Lionel Sosa has been painting almost non-stop since last summer when he decided he would join others who wanted to see racial justice a reality. A retired CEO of a highly successful Hispanic marketing firm, Sosa has been painting portraits, mostly of ordinary people, cowboys, blue-collar workers, entertainers, and such, for much of the past ten years.
Sosa assumed a new artistic purpose in June of 2019, when he came upon a poster that stated: “You can’t be anti-racist, unless you’re acitively anti-racist.” At that moment, Sosa decided to paint a representation of Black men and boys from the San Antonio community with the aim of giving “better understanding of each other as a community.”
Sosa’s artistic project, “Living in My Skin-Black Men in San Antonio Tell Their Story” will be featured on PBS station KRLN in February 2021 during Black History Month.
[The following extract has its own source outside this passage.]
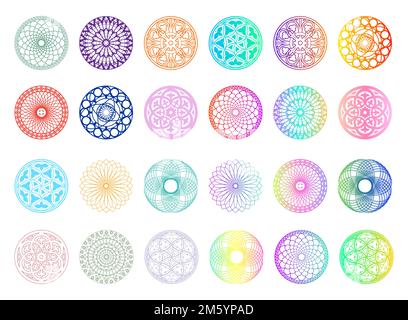 Spirographe Mandala coloré en couleur plate et dégradé Illustration de Vecteur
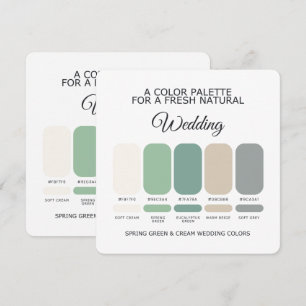 Spring Green and Cream Wedding Colour Palette Card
His 33 subjects, whom he has painted in oil-on linen, range in age from 10 to 90 and include ordinary Black citizens, retired military officers, and a Chief of San Antonio’s Fire Department. They came to his studio wearing a favorite cap or hat, a special tie or bow tie, or a formal suit or colorful T-shirt. In each portrait, he brilliantly captures a particular look, a mood, an emotion, a curiosity, an air of confidence.
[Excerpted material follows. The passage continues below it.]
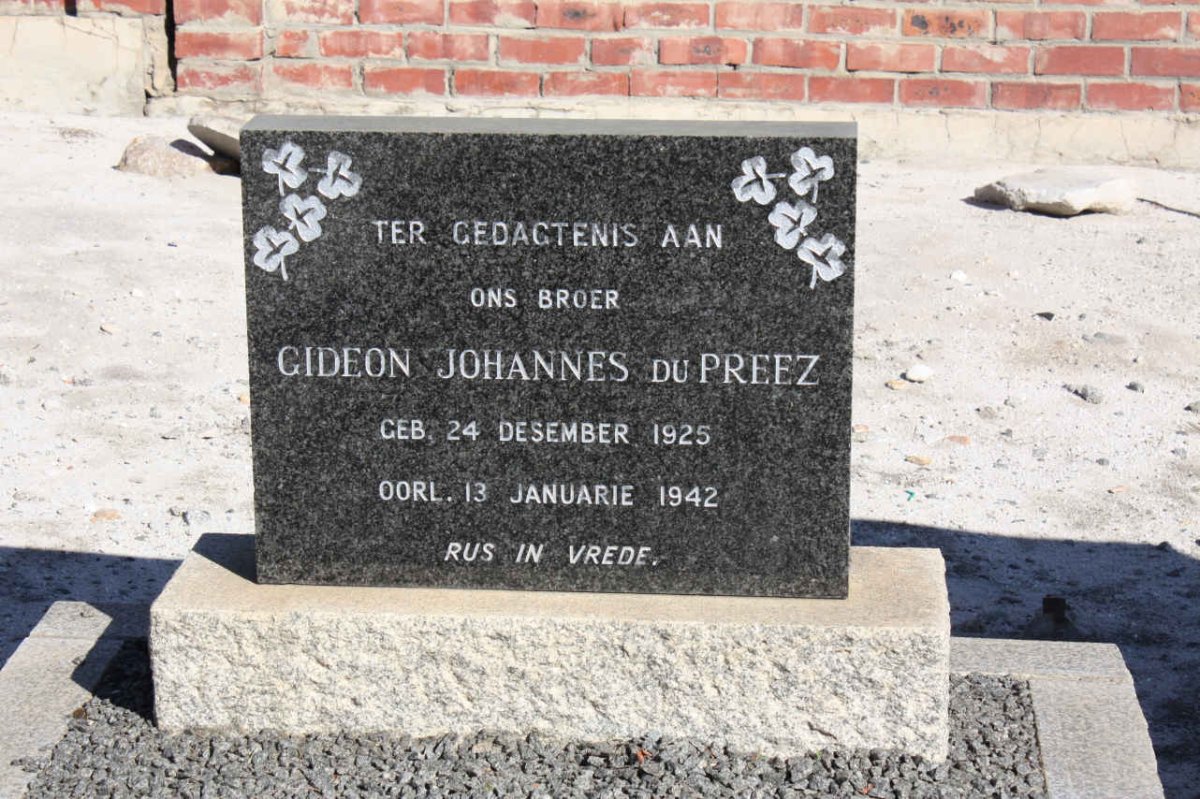 PREEZ Gideon Johannes, du 1925-1942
The need for greater understanding of one another in San Antonio and elsewhere in America seemed to resonate with many, Blacks, Whites, Latinos, and Asians in the aftermath of the horrific murder of George Floyd by a white police officer in May 2020. Millions, spurred by the viewing of a nine minute video of Floyd’s senseless choking, marched in every city of America, as well as in major cities of Western Europe. The marchers represented all races and ethnicities and many held handmade placards calling for racial justice and an end to police killings. Demonstrators in some Western cities, such Portland, Oregon, were largely white, including many from the suburbs.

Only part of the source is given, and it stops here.